(Image-text web data)
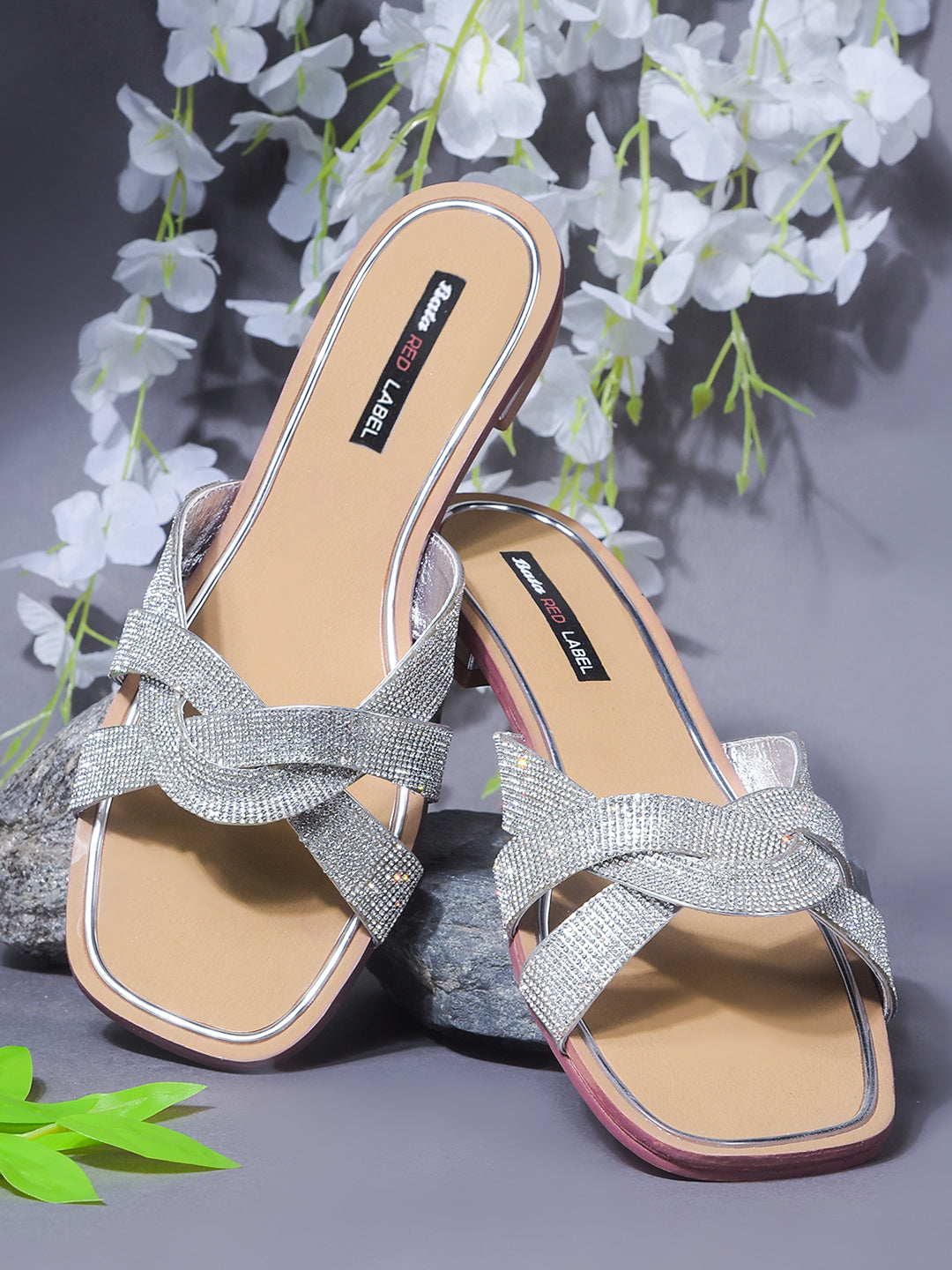 Bata Women Silver Casual Mule Flats - Silver - View 6
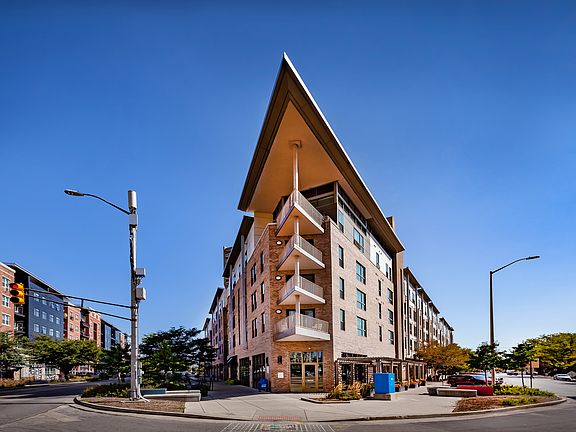 4th image of 525 Massachusetts Ave #204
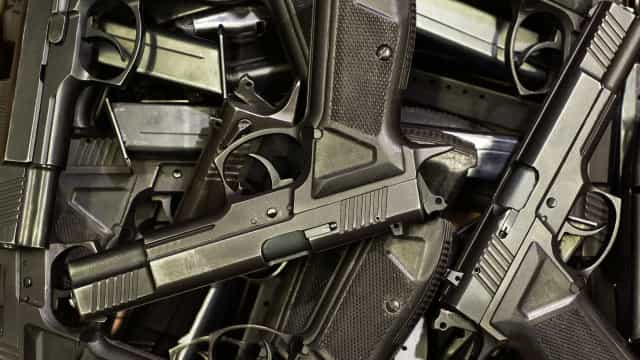 Estados bolsonaristas têm explosão do número de armas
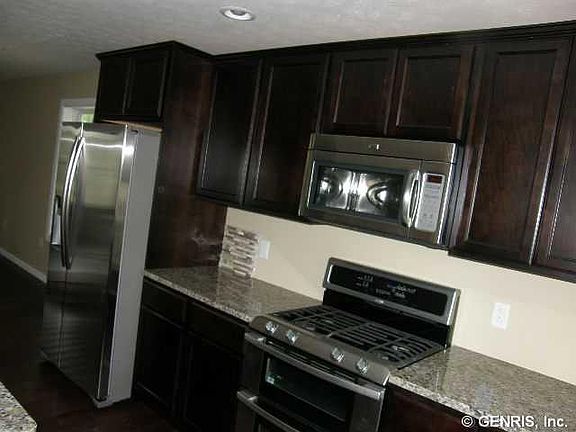 3rd image of 4545 Mayflower Dr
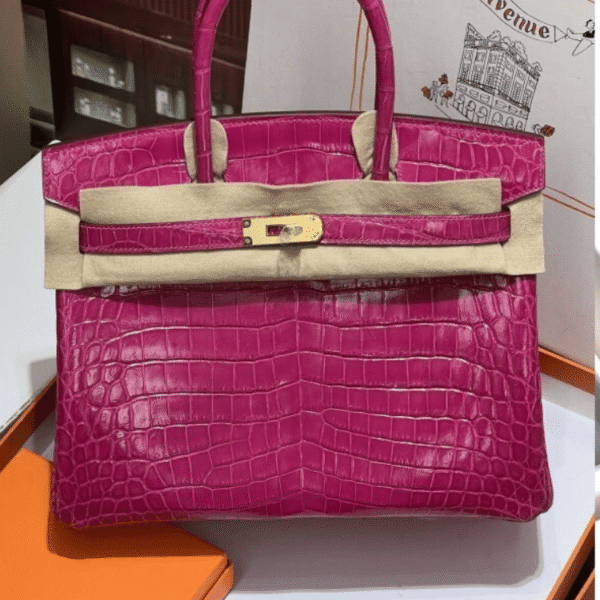 Hermès Birkin Bag Fuchsia Crocodile 11.8 Inches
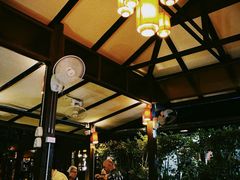 -Dash Teak House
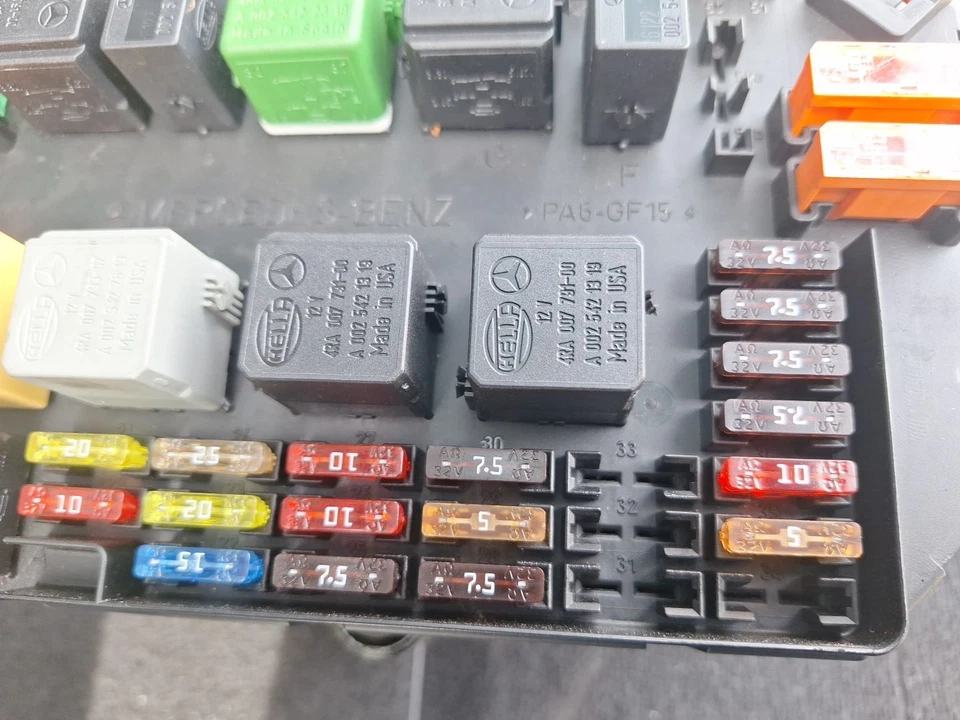 2007-2009 Mercedes-Benz S550 OEM S600 CL550 Front SAM Fuse Relay Box - Image 2 of 4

Task directions -
Output each record verbatim, but skip anything that is a picture.

Output for this exercise -
 Bata Women Silver Casual Mule Flats - Silver - View 6
 4th image of 525 Massachusetts Ave #204
 Estados bolsonaristas têm explosão do número de armas
 3rd image of 4545 Mayflower Dr
 Hermès Birkin Bag Fuchsia Crocodile 11.8 Inches
 -Dash Teak House
 2007-2009 Mercedes-Benz S550 OEM S600 CL550 Front SAM Fuse Relay Box - Image 2 of 4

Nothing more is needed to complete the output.